The law provided federal judges with more discretion in sentencing for nonviolent drug offenses and curtailed some mandatory minimums. One of the goals of the legislation was to reduce the federal prison population. But in the years since 2018, many Republicans have moved back toward a tough-on-crime mentality.

“By cutting recidivism, encouraging job training, education and mental health and substance abuse treatments for incarcerated individuals, and making our criminal justice system both smarter and tougher, we have taken a positive step forward tonight,” Scott said in December 2018, when the sentencing overhaul passed.

Scott has also been the lead Senate GOP voice on efforts to overhaul policing, but he has opposed bills led by Democrats like the policing bill the Democrat-led House passed in 2021 that was named for George Floyd, who was murdered by a police officer in Minneapolis.

Voice on banking

Scott’s ascension to ranking member of the Senate Banking Committee this year lifted hopes for bipartisan collaboration on the panel, particularly on housing legislation, a long-time priority of Chairman Sherrod Brown, D-Ohio. 
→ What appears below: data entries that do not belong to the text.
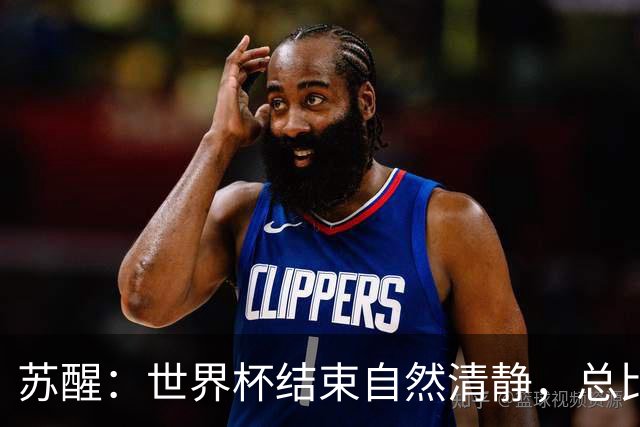 苏醒：世界杯结束自然清静，总比各种营销踢到一半就淘汰的清净好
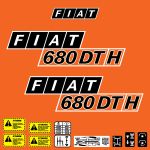 Decal Kit Fiat 680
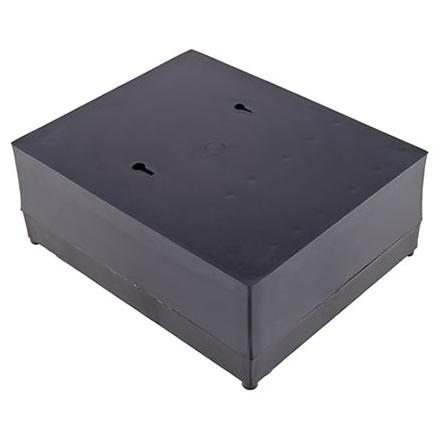 Caja plástica para proyectos 22x18x9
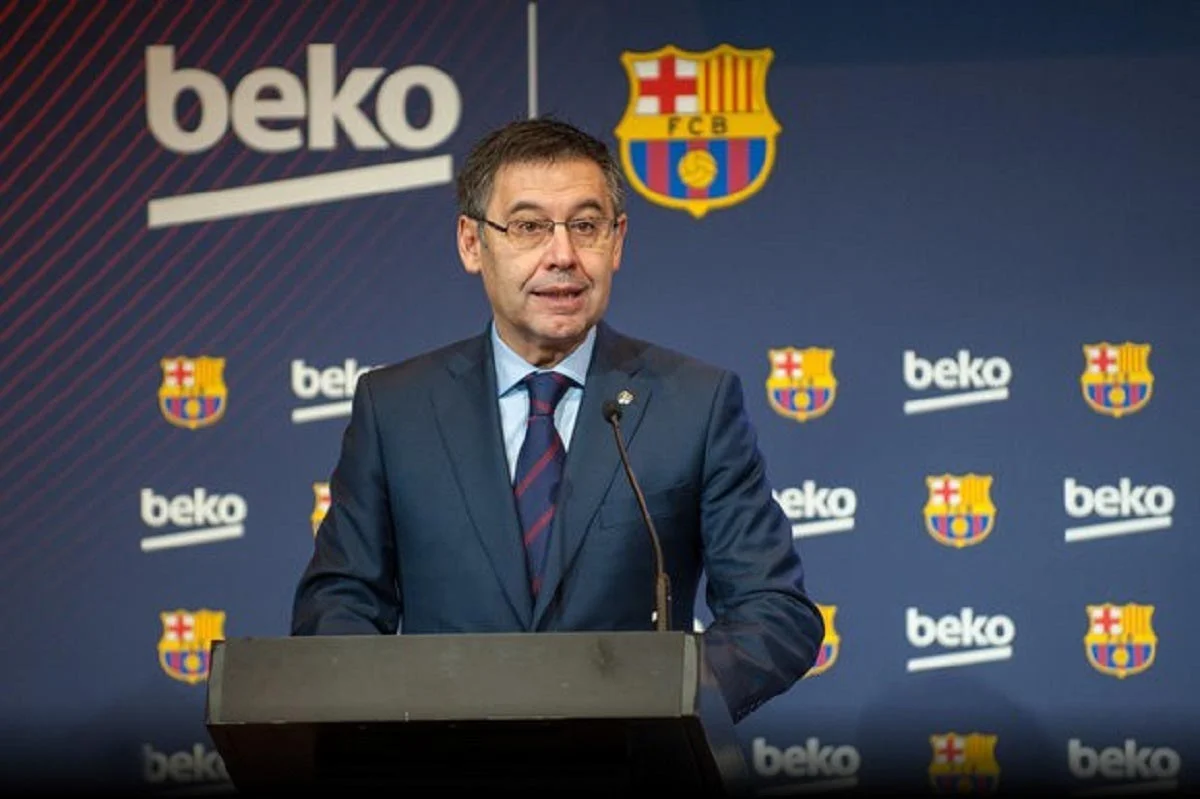 Хосеп-Мария Бартомеу / ФК Барселона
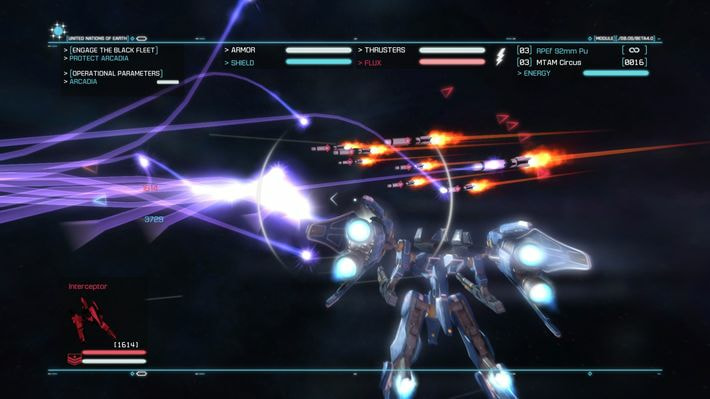 Strike Suit Zero: Director's Cut screenshot 4
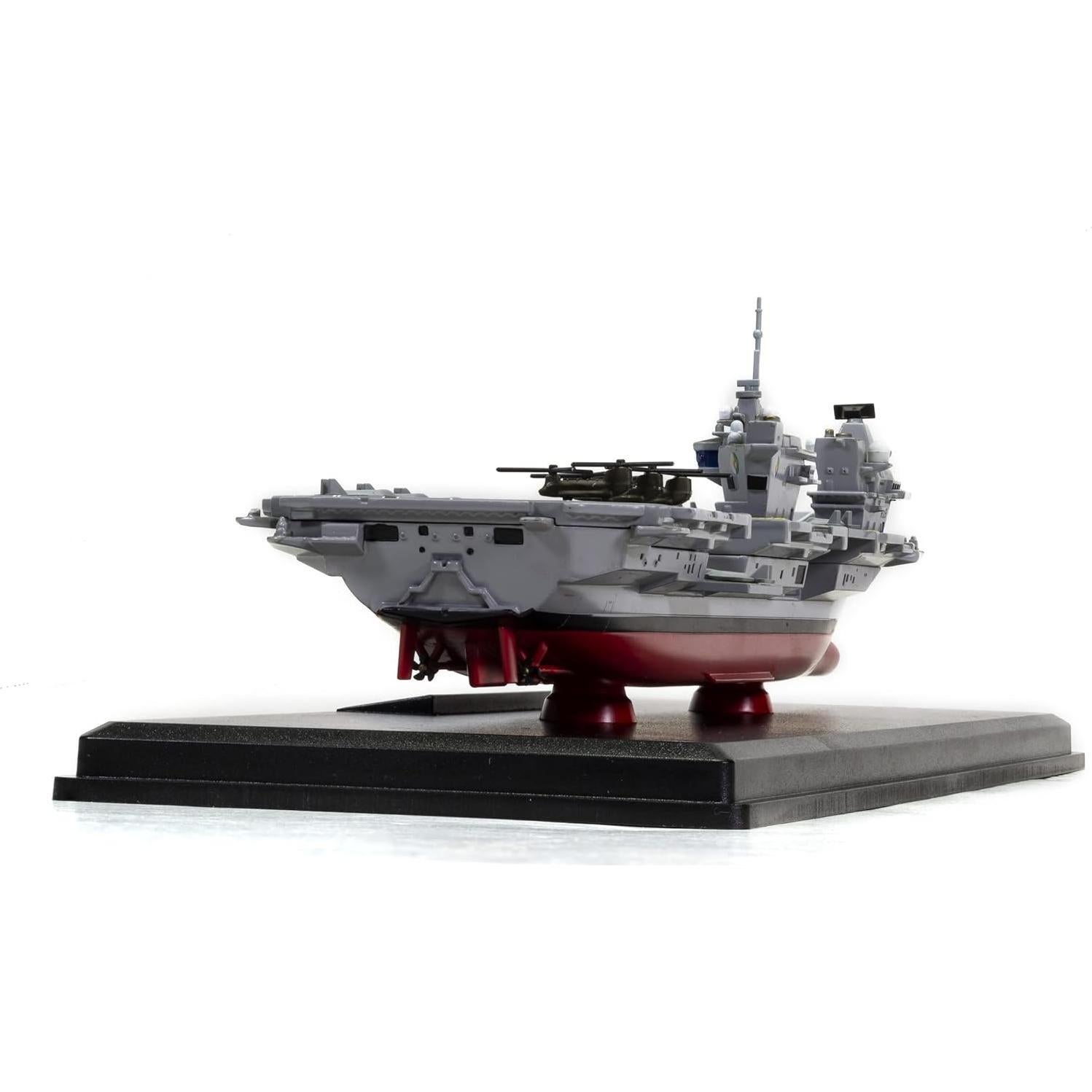 Modelo Diecast Corgi HMS Queen Elizabeth 1:1250 Gris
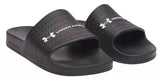 Under Armour Mens Lite Slides In Black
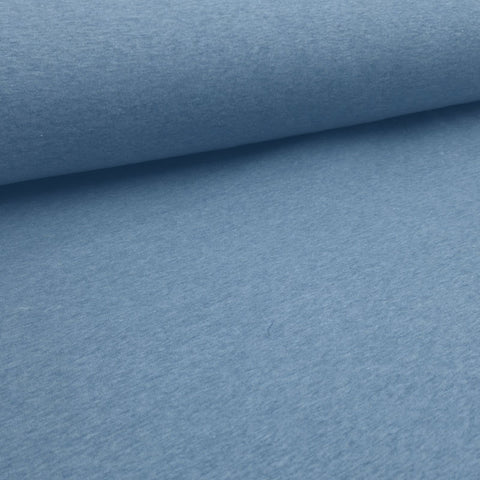 Alpenfleece Dunkelblau meliert 005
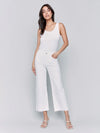 Charlie B Cropped Wide Leg Pants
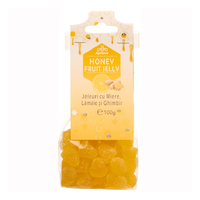 Jeleuri miere, lamaie, ghimbir, 100g, Apidava - 1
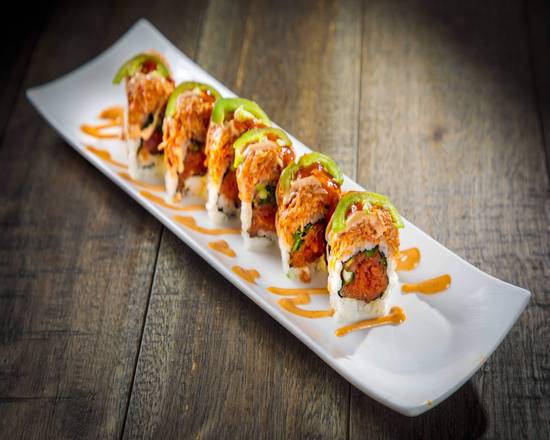 Order Fire Roll food online from Hikari Sushi store, Los Angeles on bringmethat.com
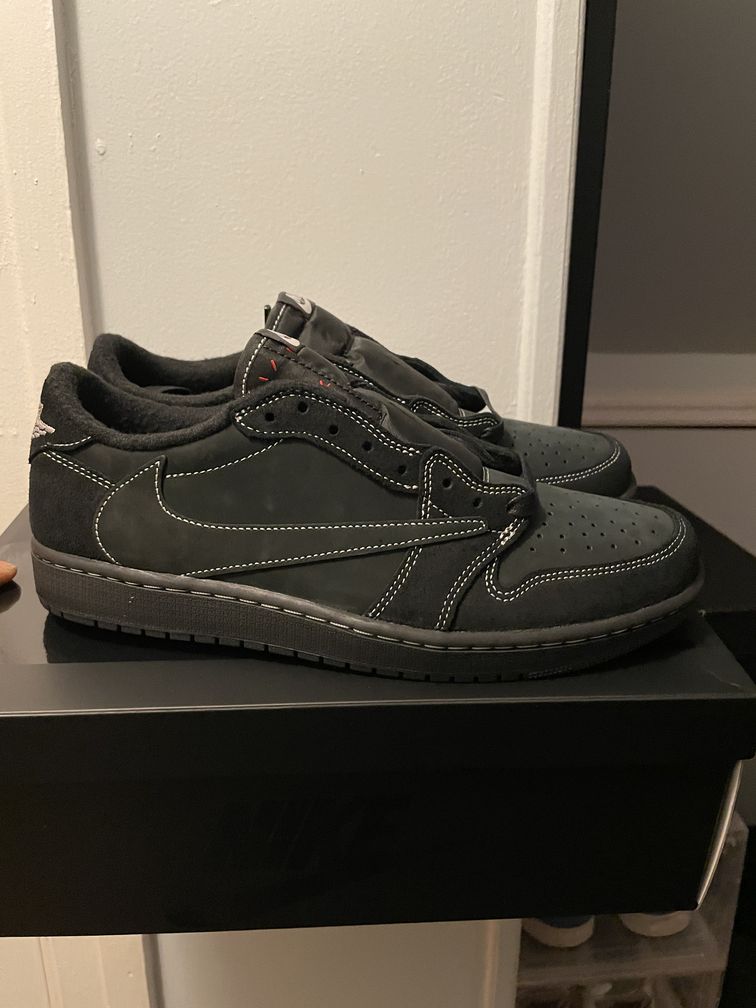 Air Jordan 1 Low Travis Scott Phantom Size 10.5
Like most Republicans, Scott is critical of government intervention and regulation, blaming it for burdening small businesses and limiting opportunity. But he has found common ground with Democrats on issues including expanding the data used to determine credit scores and encouraging flood mitigation.

“Under progressive leadership, the American Dream has slipped further and further out of reach,” Scott said in February. “By focusing on commonsense policies like expanding access to credit, fostering innovation, and promoting financial inclusion, we can build an opportunity economy that opens doors, improves lives, and empowers everyday Americans to achieve their dreams.”

In the fallout from this year’s bank failures, Scott has reserved equal blame for bank managers and regulators, saying at one hearing that the Federal Reserve should explore firing examiners who missed the warning signs at Silicon Valley Bank. Brown has said he and Scott are exploring bipartisan legislation to claw back compensation from executives at the failed banks.

Reliable vote

CQ’s annual vote studies show that Scott has been a reliable Republican vote in the Senate.

He voted along with the president’s position 96.7 percent of the time during the years that Trump, the Republican presidential frontrunner, was president and the GOP controlled the Senate. Trump’s campaign on Friday found one vote to attack Scott about, saying he opposed “America First foreign policy” by disapproving of withdrawing troops from Syria and Afghanistan in 2019. That vote was a lopsided 63-23 against Trump, with all but three Senate Republicans siding with Scott in the majority.

Since Biden took office and Democrats have controlled the Senate, Scott voted along with the president’s position 14.7 percent of the time.